Trapezites phigalioides, commonly known as the montane ochre or phigalioides skipper, is a species of butterfly in the family Hesperiidae. It is endemic to Australia, where it occurs in New South Wales, Australian Capital Territory, Queensland and Victoria. It occurs primarily in open eucalypt forests, usually above 300 m altitude, extending up to 1400 m altitude in subalpine woodland habitat in parts of New South Wales. The range of this species largely overlaps with the closely related heath ocre (Trapezites phigalia).

== Description ==
Trapezites phigalioides adults are brown above and grey below with yellow or orange markings on the wings and a wingspan of approximately 30 mm. From above, the forewings each exhibit three large yellow spots, a median yellow spot near the dorsum, a yellow dorsum streak, and a subapical band consisting of three pale yellow spots, while the hindwings each exhibit a single large band near the center of the hindwing. From below, the forewings exhibit markings similar to those above, while the hingwings exhibit roughly 12 small brown circular markings. Adult males and females appear similar. Eggs are dome shaped, white to cream in colour, measuring approximately 1.3 mm in diameter with up to 20 longitudinal ribs. Larvae are pinkish-brown or pinkish-grey with a dark brown head, measuring up to 26 mm in length depending on instar. Pupae are brown with dark brown spots, covered with a waxy grey powder, measuring approximately 20 mm in length.

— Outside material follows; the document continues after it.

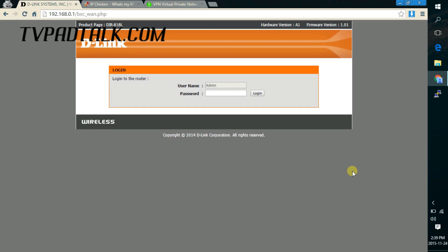Hey, it's Patman from TVPADtalk.com. In part 1 of this series, I showed you guys how to physically connect the TVPAD to the VPN router.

== Behaviour and life cycle ==
Adults fly fast and close to the ground, readily feeding at flowers. Adult males engage in hilltopping and establish territories within a meter of the ground. Adult females lay their eggs singly on the undersides of the leaves of the species' host plant, the wattle mat-rush (Lomandra filiformis). Once hatched, the larvae construct a vertical shelter from silk and debris at the base of the host plant, resting in their shelter during the day and emerging to feed at night. Pupation occurs inside the larval shelter, with the head of the larva oriented upwards. There is a single generation each year, with adults emerging primarily in November and December.